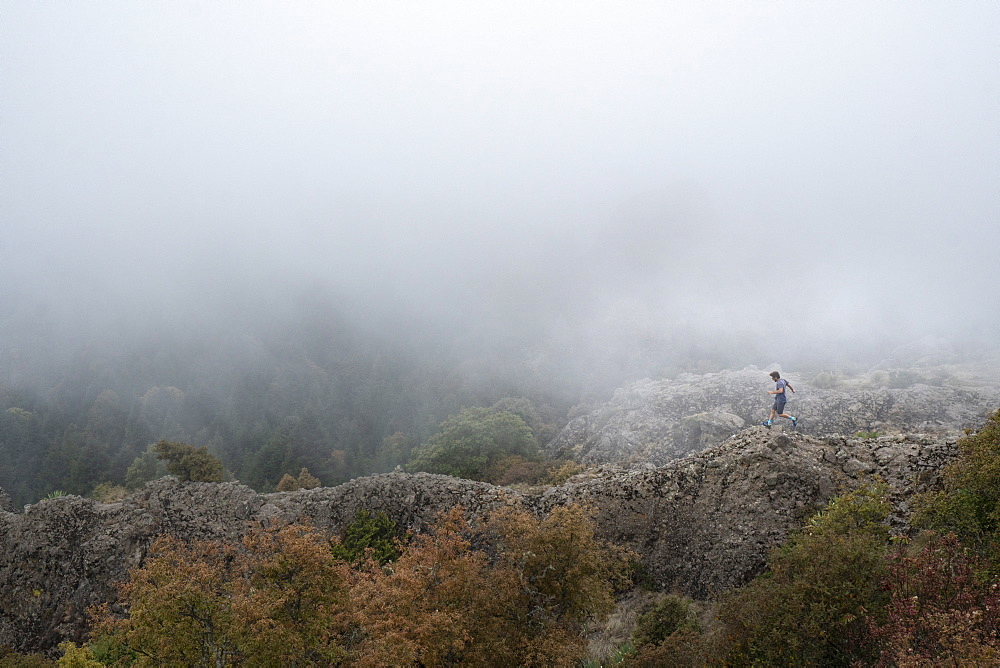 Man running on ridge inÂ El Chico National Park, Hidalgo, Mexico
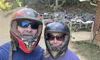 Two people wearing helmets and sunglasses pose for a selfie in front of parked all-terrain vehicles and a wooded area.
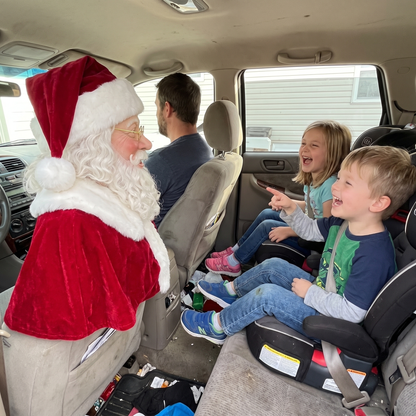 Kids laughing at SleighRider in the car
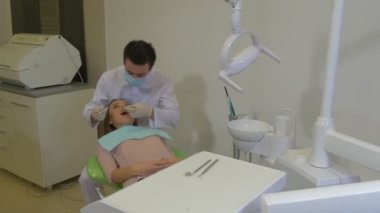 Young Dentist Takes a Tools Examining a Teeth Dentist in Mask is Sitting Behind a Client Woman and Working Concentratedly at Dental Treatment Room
══════════
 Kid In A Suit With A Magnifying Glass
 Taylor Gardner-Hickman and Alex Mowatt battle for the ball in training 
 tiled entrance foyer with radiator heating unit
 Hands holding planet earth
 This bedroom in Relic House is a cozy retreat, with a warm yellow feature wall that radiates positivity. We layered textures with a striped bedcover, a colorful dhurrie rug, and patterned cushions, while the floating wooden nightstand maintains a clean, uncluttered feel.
══════════
## ABOUT THIS EXERCISE
Transcribe only this stretch of the data: the line with "Man running on", the line with "Young Dentist Takes", and every line in between. Leave out the pictures.

## WRITTEN REPLY
 Man running on ridge inÂ El Chico National Park, Hidalgo, Mexico
 Two people wearing helmets and sunglasses pose for a selfie in front of parked all-terrain vehicles and a wooded area.
 Kids laughing at SleighRider in the car
 Young Dentist Takes a Tools Examining a Teeth Dentist in Mask is Sitting Behind a Client Woman and Working Concentratedly at Dental Treatment Room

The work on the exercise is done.